Pelalawan – patroli 86.com ,, Sebuah gudang somel yang disebut milik Sawal, berlokasi di Jalan Pelita, Kecamatan Pangkalan Kerinci, Kabupaten Pelalawan, menjadi sorotan masyarakat. Gudang tersebut diduga beroperasi tanpa legalitas yang jelas dan diduga menampung serta mengolah kayu yang belum diketahui keabsahan dokumennya.
Pada Selasa 14/07/2026 sekitar pukul 14.11 WIB, awak media mendatangi lokasi untuk melakukan konfirmasi terkait status kepemilikan gudang, legalitas operasional, serta asal-usul kayu yang berada di lokasi. Namun, saat tiba di tempat, pemilik gudang yang disebut bernama Sawal diduga tidak bersikap kooperatif dan memilih menghindari awak media tanpa memberikan keterangan.
Berdasarkan pantauan di lapangan, terlihat sejumlah tumpukan kayu yang telah tersusun rapi di area gudang. Dari informasi yang dihimpun awak media, kayu-kayu tersebut diduga berasal dari hasil penebangan liar yang kemudian diolah dari kayu log menjadi papan maupun balok sebelum dipasarkan kepada konsumen. Dugaan tersebut masih memerlukan pembuktian lebih lanjut oleh aparat penegak hukum.
Selain itu, sejumlah warga sekitar menyebutkan bahwa gudang somel tersebut telah beroperasi cukup lama. Aktivitas keluar masuk kayu disebut berlangsung secara terbuka, baik di wilayah Kabupaten Pelalawan maupun ke luar daerah. Kondisi tersebut memunculkan harapan masyarakat agar aparat segera melakukan pemeriksaan terhadap legalitas operasional gudang beserta dokumen asal-usul kayu yang digunakan.

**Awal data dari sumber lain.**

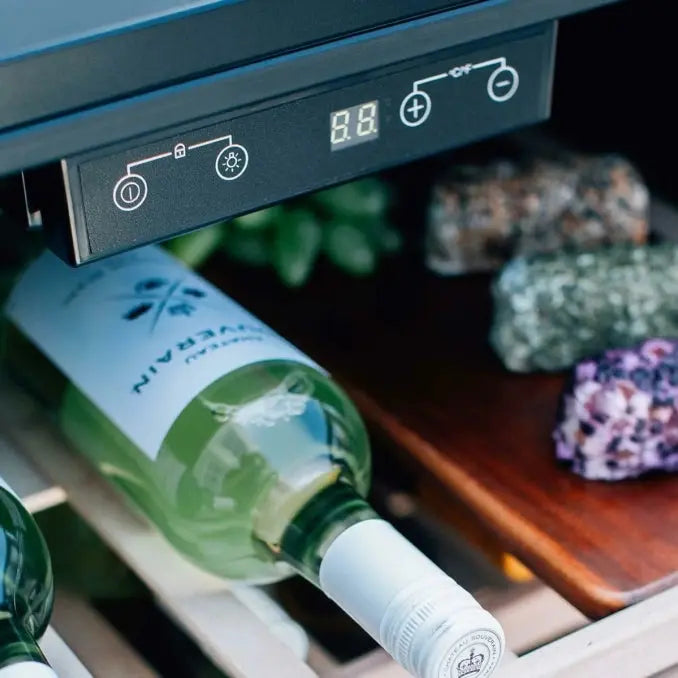 TrueFlame 24" Outdoor Rated Wine Cooler - AMD-RFR-24W
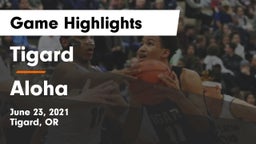Tigard  vs Aloha  Game Highlights - June 23, 2021
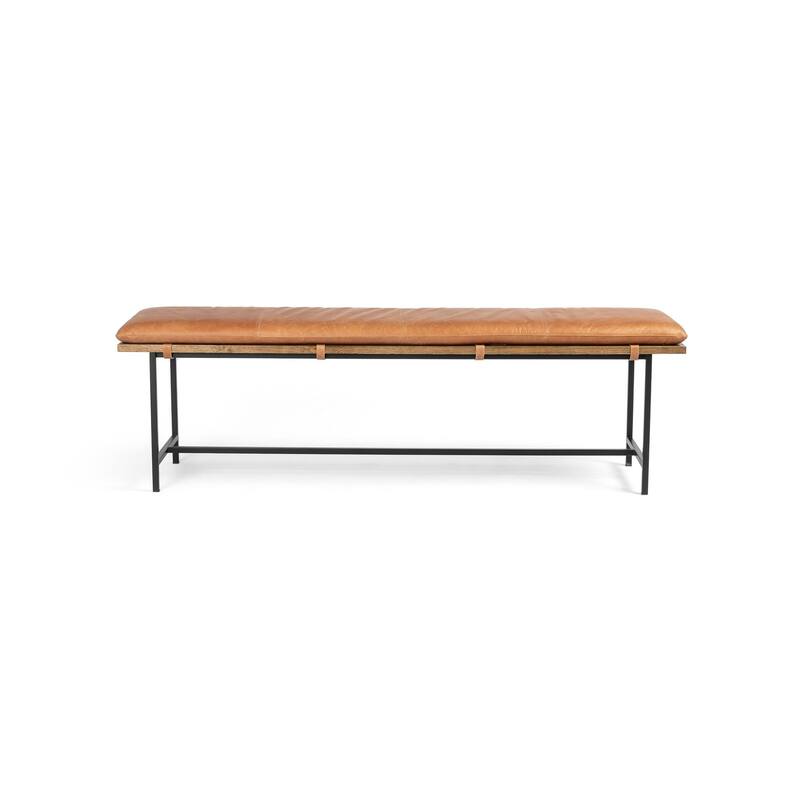 Baldwin Accent Bench-Brandy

Sebagai bentuk penerapan prinsip keberimbangan sesuai Undang-Undang Nomor 40 Tahun 1999 tentang Pers dan Kode Etik Jurnalistik, awak media telah berupaya meminta klarifikasi kepada pihak yang disebut sebagai pemilik gudang. Namun hingga berita ini diterbitkan, belum ada tanggapan maupun hak jawab yang diberikan.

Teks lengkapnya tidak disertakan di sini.